Another doubt concerns customized embeddings. All of the example shown use the sentencetransformer library to generate embeddings at sentence level. Given the peculiar nature of my data, I want to use finBERT, which has been trained specifically on financial corpus. However, this model generates word embeddings rather than sentence embeddings. If I train BERTo with these word embeddings, does it have any substantial impact on its performance or not? Do I need to make changes in other areas of the model to use word embeddings?

MaartenGr commented 1 year ago

I am currently attempting to apply BERTopic to company annual reports. However said documents include more than 512 tokens, which is the limit for all bert-based models. Is splitting the document into sentences and then apply the model to each sentence a good way to circle around this issue?

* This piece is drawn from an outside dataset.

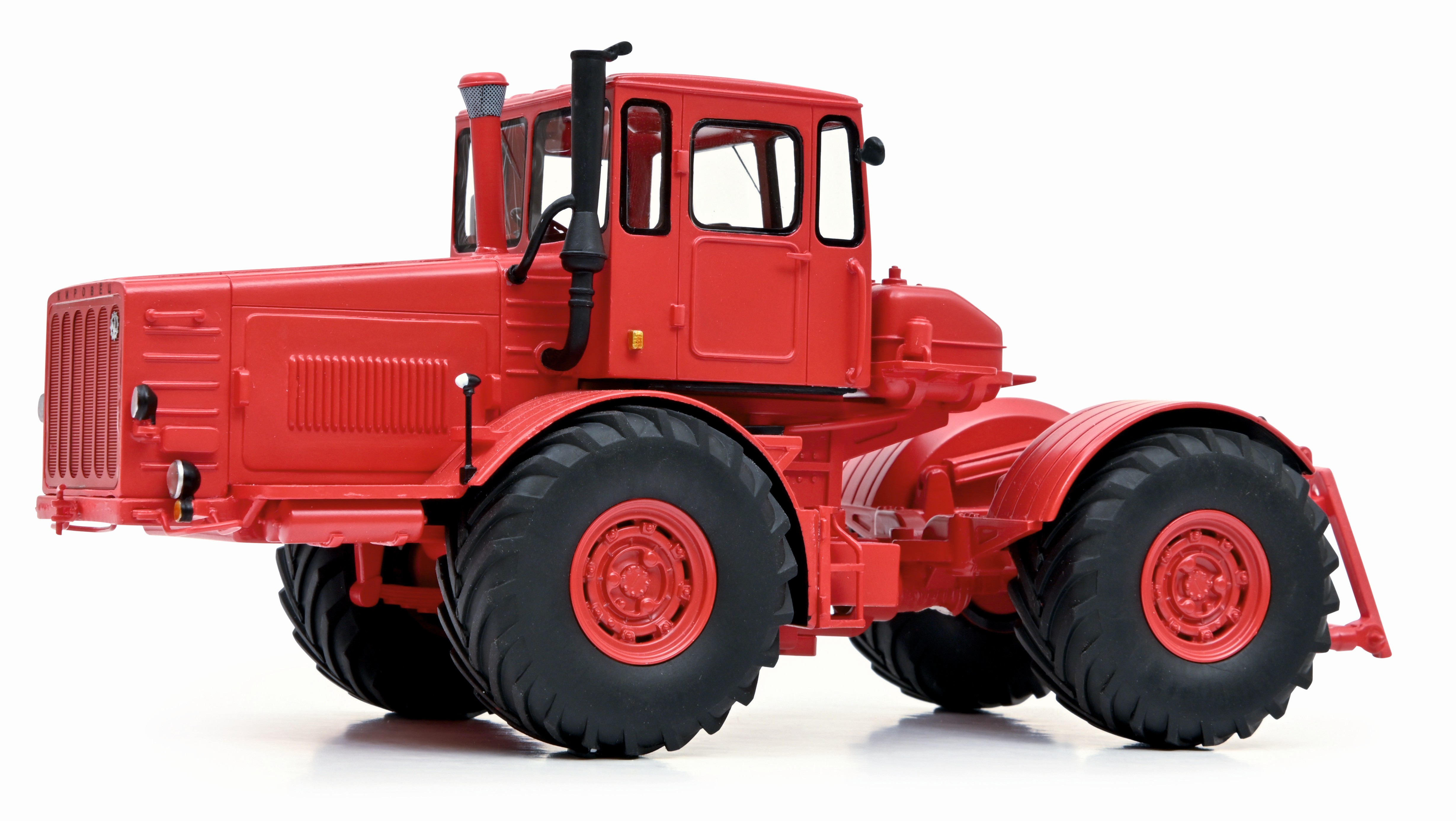 Kirovets K-700 rot 1:32 Allradtraktor `1962 Resin PRO.R limitiert 750 Stück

Generally, that is indeed a good procedure to take those token limits into account. There are a few more methods that you can use. For example, if you expect that an annual report contains the same topic in the first 512 tokens as in all tokens afterward, then it is not necessary to split the document up into sentences/paragraphs. The great thing about using something like c-TF-IDF is that there are no token limits and therefore take the entire documents into account. If that is not the case, you could still leave the documents as they are and use approximate_distribution afterward to get a more fine-grained insight into the topic distributions of each document.

Having said that, just splitting them up into sentences generally works quite well.

Another doubt concerns customized embeddings. All of the example shown use the sentencetransformer library to generate embeddings at sentence level. Given the peculiar nature of my data, I want to use finBERT, which has been trained specifically on financial corpus. However, this model generates word embeddings rather than sentence embeddings. If I train BERTo with these word embeddings, does it have any substantial impact on its performance or not? Do I need to make changes in other areas of the model to use word embeddings?

That is very difficult to see beforehand as it depends on quite a number of things. The quality of word embeddings, whether they are optimized for similarity tasks, the data and its quality, etc. However, if the sentence-transformers models cannot capture your specific data not perfectly due to specific terms, it might be worthwhile to use a different model. This, however, would require trial and error.

MaartenGr commented 1 year ago

Due to inactivity, I'll be closing this issue. Let me know if you want me to re-open the issue!